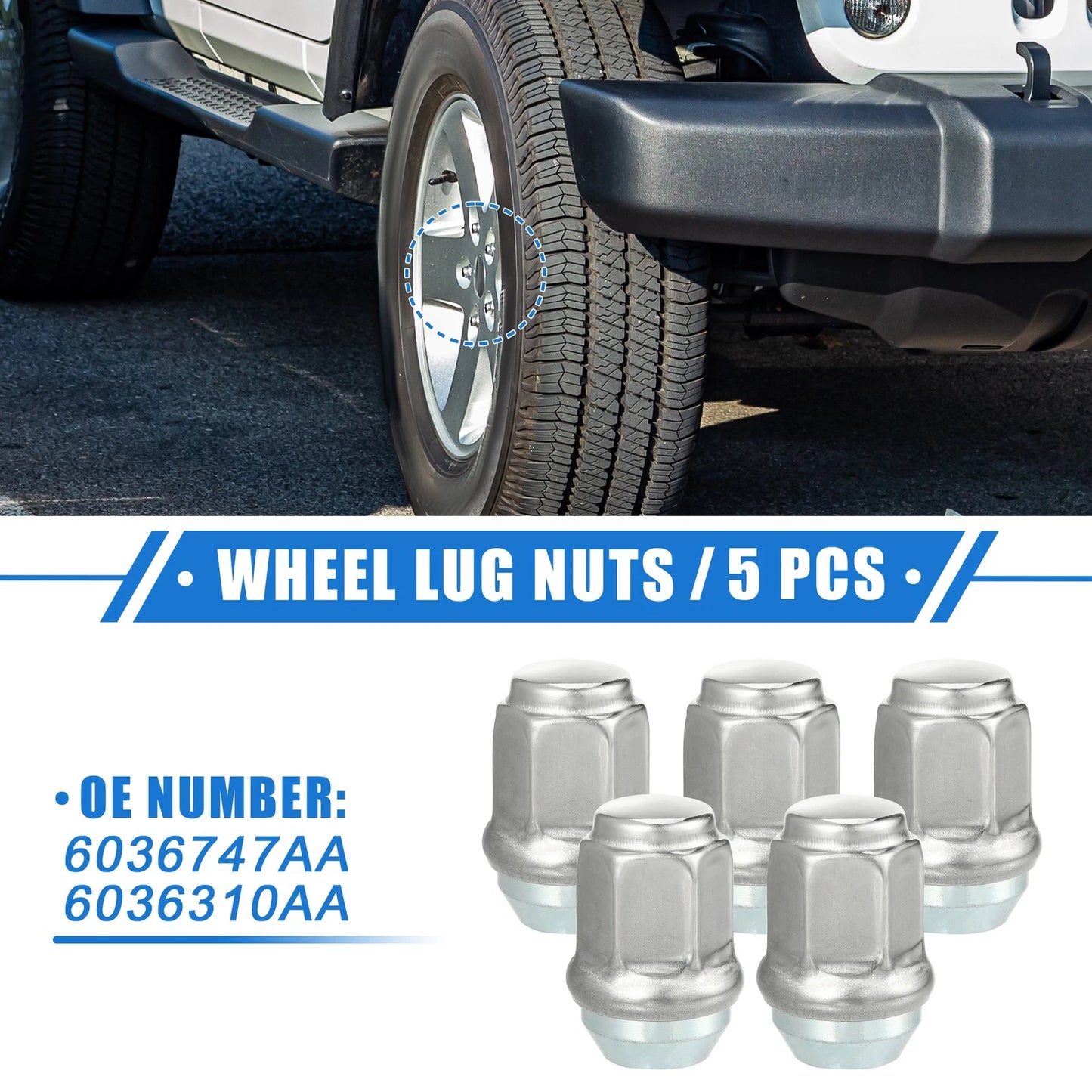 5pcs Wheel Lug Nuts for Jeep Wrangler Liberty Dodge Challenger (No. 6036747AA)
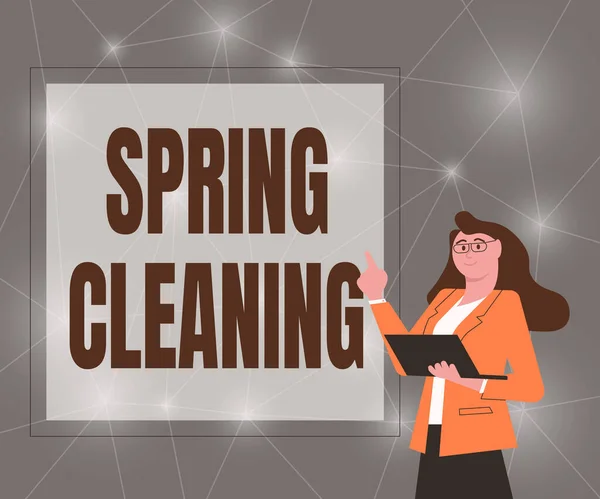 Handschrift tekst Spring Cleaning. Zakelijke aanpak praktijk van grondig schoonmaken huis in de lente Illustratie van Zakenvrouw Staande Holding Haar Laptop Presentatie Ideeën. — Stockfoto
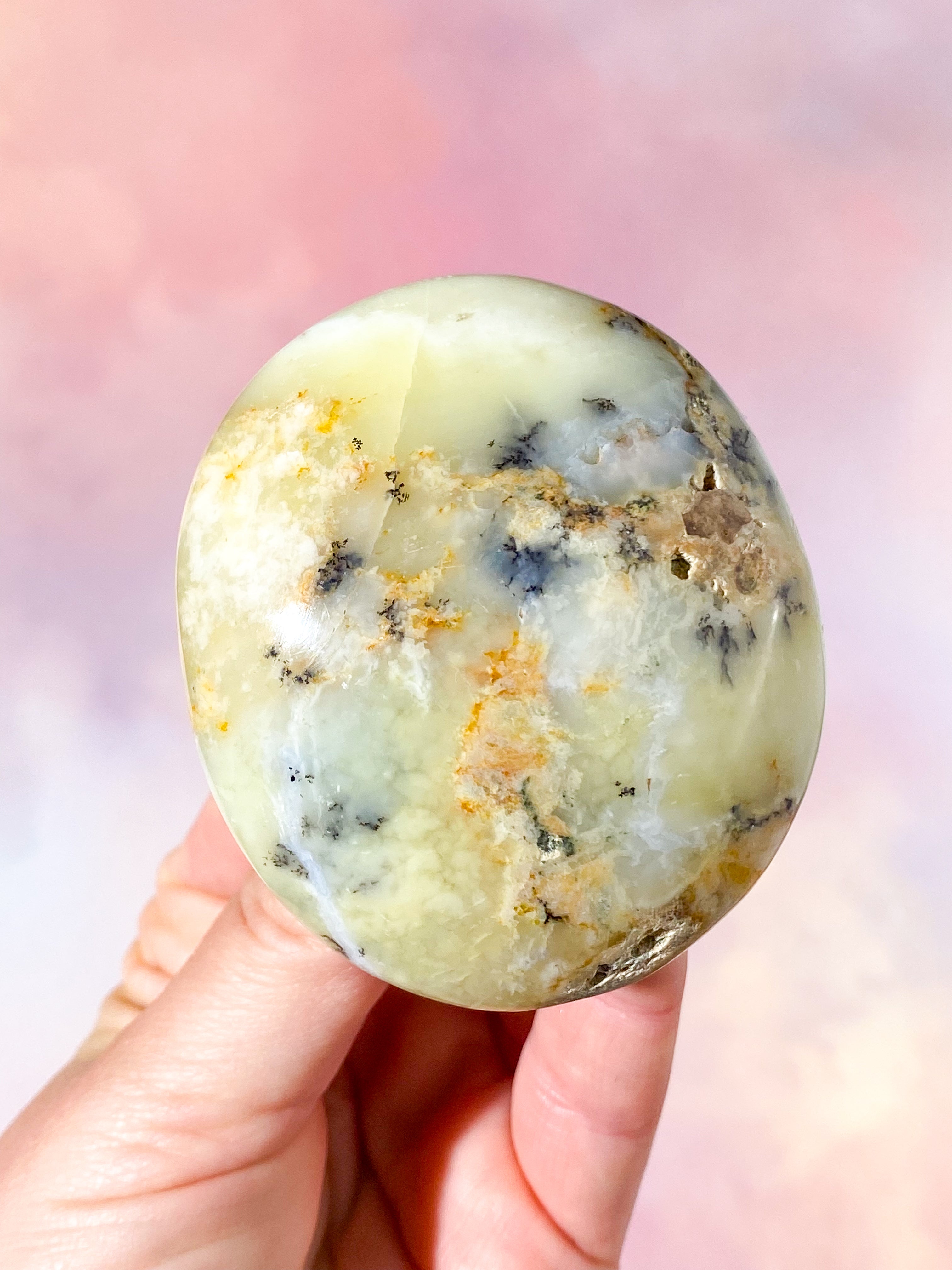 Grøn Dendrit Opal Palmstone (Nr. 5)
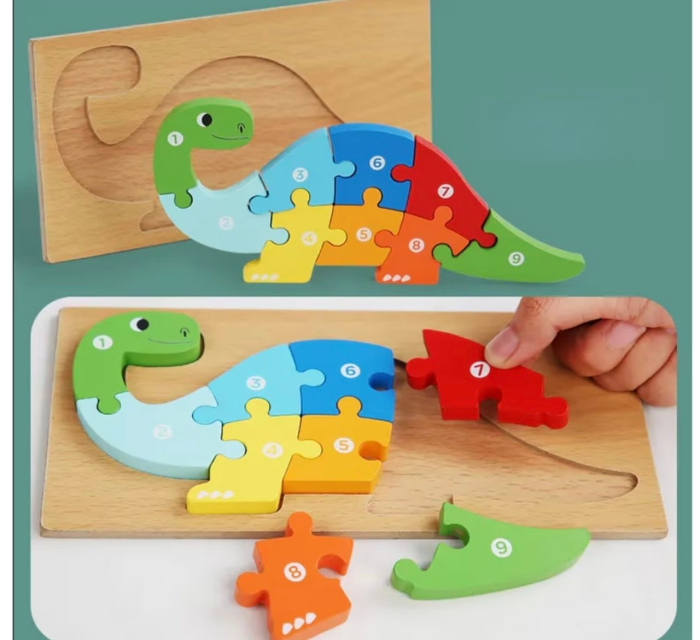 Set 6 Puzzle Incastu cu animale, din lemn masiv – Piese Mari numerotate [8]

- [What you should do]: Could the data above be copied out exactly, with no pictures kept?

- [Solved exercise]:
 5pcs Wheel Lug Nuts for Jeep Wrangler Liberty Dodge Challenger (No. 6036747AA)
 Handschrift tekst Spring Cleaning. Zakelijke aanpak praktijk van grondig schoonmaken huis in de lente Illustratie van Zakenvrouw Staande Holding Haar Laptop Presentatie Ideeën. — Stockfoto
 Grøn Dendrit Opal Palmstone (Nr. 5)
 Set 6 Puzzle Incastu cu animale, din lemn masiv – Piese Mari numerotate [8]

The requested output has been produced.